Your answer must consist of exactly the lines below, starting with the line with "ZARA COMBINATION FLAT SANDALS NWT" and going on through the line with "Size: 6½ * Color: BROWN / Black", and nothing else.

§ **GIVEN DATA**
BEGIN

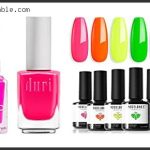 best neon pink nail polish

END
BEGIN

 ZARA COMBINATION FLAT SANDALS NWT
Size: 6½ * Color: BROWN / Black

END

§ **REPLY**
 ZARA COMBINATION FLAT SANDALS NWT
Size: 6½ * Color: BROWN / Black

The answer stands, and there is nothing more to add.